HomeDocsAPI Reference
Kumo.ai
Docs

Quick Start

Learn how to use Kumo to query the future using this easy-to-follow example.

This Quick Start demonstrates how to use Kumo to predict customer churn (i.e., which active customers will stop buying) in just a few minutes.

Prerequisites

  • Sign Up for a Free Trial: If you haven't already, sign up for a free trial at Kumo Free Trial.
  • [Snowflake Native app Only]: Ensure the Kumo app is installed and started. If you haven't already installed or started Kumo, follow the instructions on how to install Kumo for SPCS.

What You Will Learn in This Quick Start

You will learn how to use Kumo's graph neural networks (GNNs) to predict customer churn. This Quick Start uses the H&M Personalized Fashion Recommendations dataset, which includes detailed information about customer transactions, articles, and customers. As you will see in this tutorial, the Kumo GNN is highly effective at learning the relational patterns between customers and articles, resulting in a model with extremely high accuracy.

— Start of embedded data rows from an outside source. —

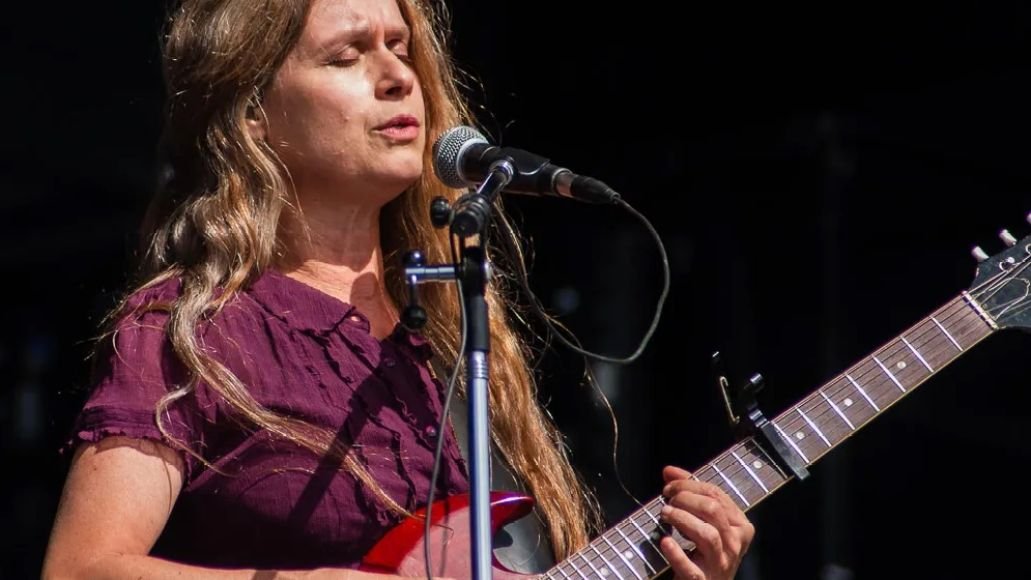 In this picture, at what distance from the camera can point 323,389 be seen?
2.54 meters

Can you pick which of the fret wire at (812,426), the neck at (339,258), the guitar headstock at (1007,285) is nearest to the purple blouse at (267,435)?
the neck at (339,258)

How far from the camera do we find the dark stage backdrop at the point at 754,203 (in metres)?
4.70

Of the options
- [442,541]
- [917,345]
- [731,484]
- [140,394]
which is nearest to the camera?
[140,394]

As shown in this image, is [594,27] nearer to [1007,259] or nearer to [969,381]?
[969,381]

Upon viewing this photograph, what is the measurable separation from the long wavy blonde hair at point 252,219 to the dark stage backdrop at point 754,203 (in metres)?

The dataset is organized into three main tables:

  • Customers: Contains information about the customers, such as customer ID, name and status.
  • Articles: Contains information about the articles, such as article ID, name and category.
  • Transactions: Contains transaction details, including transaction ID, customer ID, article ID, transaction date, quantity, and price.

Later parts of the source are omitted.